> [TRY IT]: Exact copy, no pictures: output each line below as it stands.

> [RAW DATA]:
^^^^
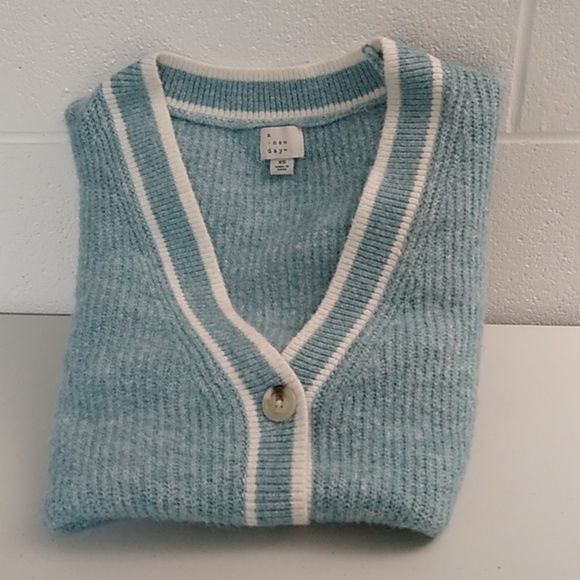 A new day Pastel blue green/cream trim classic academia button up cardigan - Picture 6 of 6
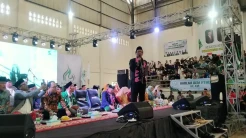 Kunjungi Ponpes di Cirebon, Mahfud MD Ingatkan Mahasiswa Tak Terjebak Politik Elektoral dan Praktis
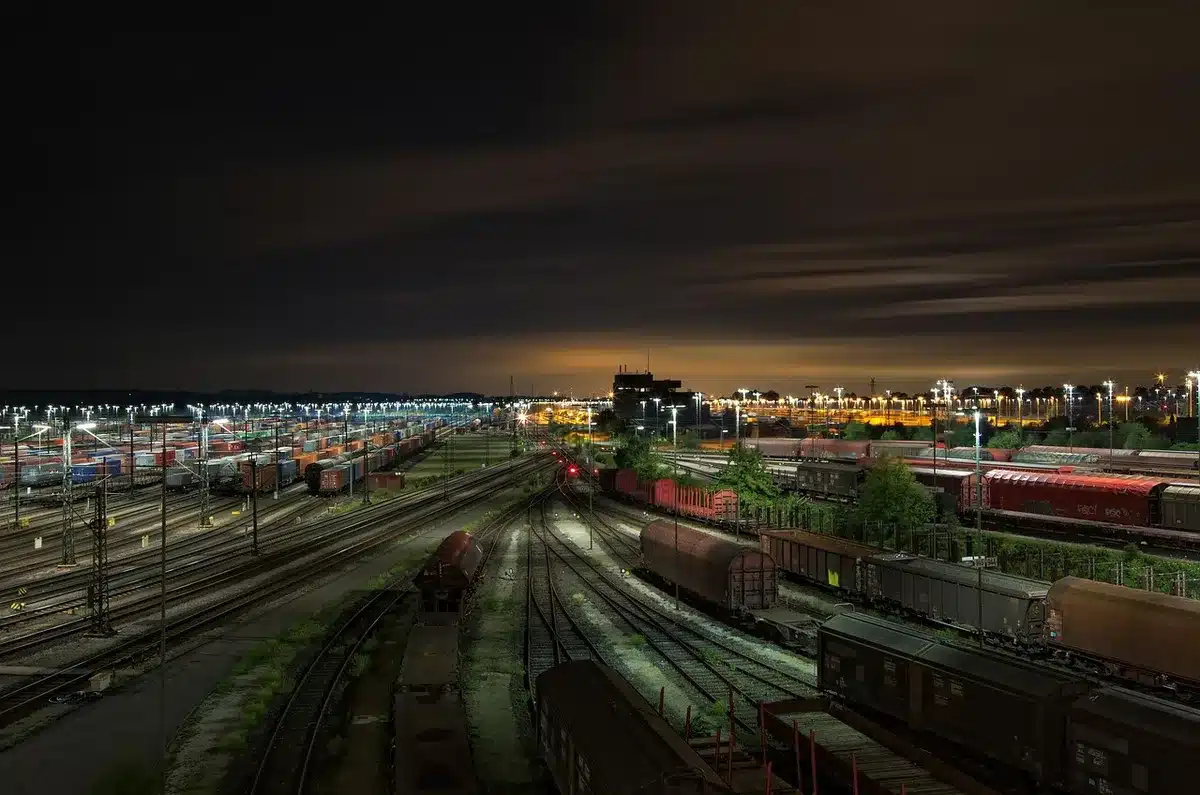 Vue diurne d'une porte à LaGuardia avec un avion régional au taxi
^^^^
> [EXERCISE SOLUTION]:
 A new day Pastel blue green/cream trim classic academia button up cardigan - Picture 6 of 6
 Kunjungi Ponpes di Cirebon, Mahfud MD Ingatkan Mahasiswa Tak Terjebak Politik Elektoral dan Praktis
 Vue diurne d'une porte à LaGuardia avec un avion régional au taxi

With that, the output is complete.